Source data
---+---

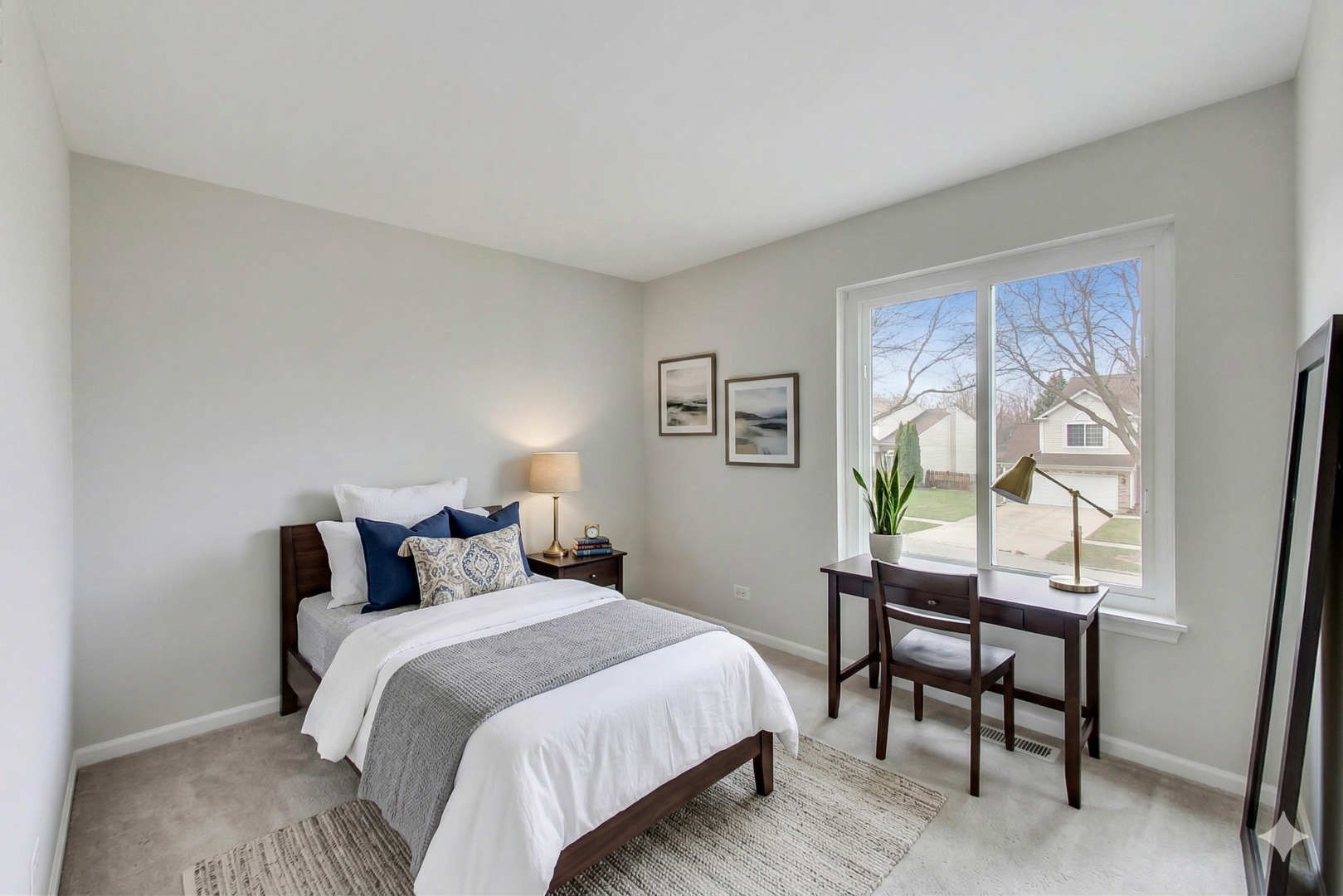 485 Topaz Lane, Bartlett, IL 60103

---+---

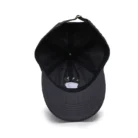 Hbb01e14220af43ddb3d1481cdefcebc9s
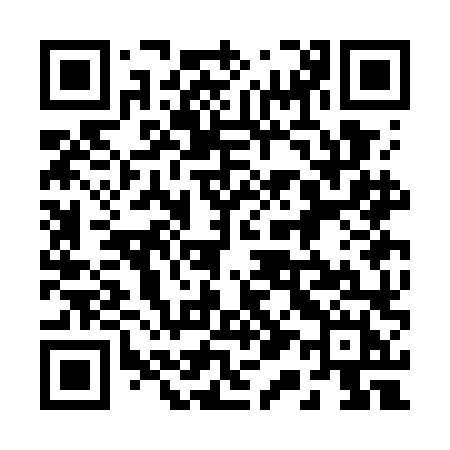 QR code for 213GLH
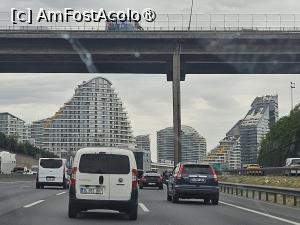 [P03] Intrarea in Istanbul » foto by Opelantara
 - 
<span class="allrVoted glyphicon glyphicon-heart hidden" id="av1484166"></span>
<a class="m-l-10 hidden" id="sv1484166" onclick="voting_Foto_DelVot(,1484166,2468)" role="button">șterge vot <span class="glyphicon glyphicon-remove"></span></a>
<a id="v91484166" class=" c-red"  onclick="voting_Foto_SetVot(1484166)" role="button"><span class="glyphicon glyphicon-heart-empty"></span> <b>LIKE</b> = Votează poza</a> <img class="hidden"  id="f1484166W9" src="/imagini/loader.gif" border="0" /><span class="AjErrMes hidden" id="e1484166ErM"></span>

---+---

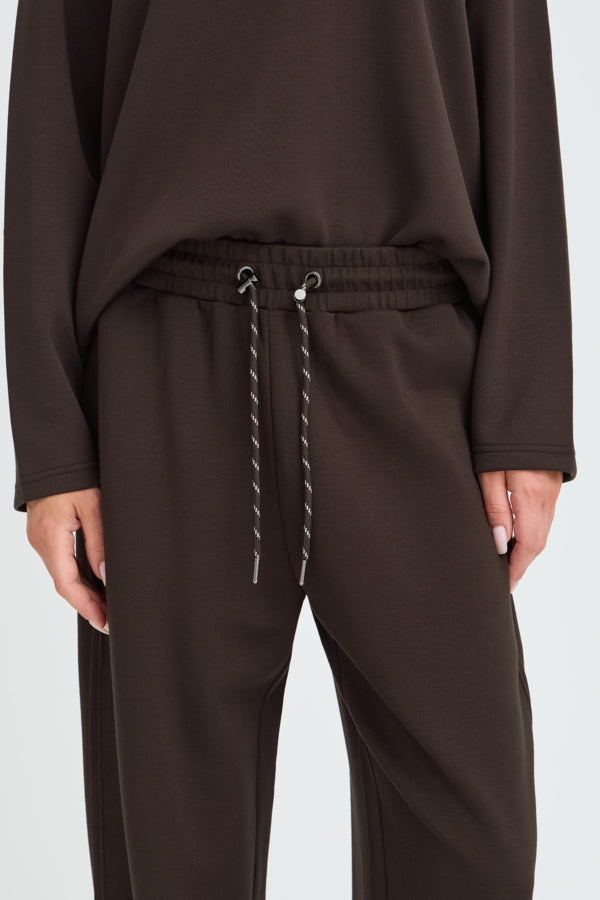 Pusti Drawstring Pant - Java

---+---

Show every line above in which the word "onclick" appears.

<a class="m-l-10 hidden" id="sv1484166" onclick="voting_Foto_DelVot(,1484166,2468)" role="button">șterge vot <span class="glyphicon glyphicon-remove"></span></a>
<a id="v91484166" class=" c-red"  onclick="voting_Foto_SetVot(1484166)" role="button"><span class="glyphicon glyphicon-heart-empty"></span> <b>LIKE</b> = Votează poza</a> <img class="hidden"  id="f1484166W9" src="/imagini/loader.gif" border="0" /><span class="AjErrMes hidden" id="e1484166ErM"></span>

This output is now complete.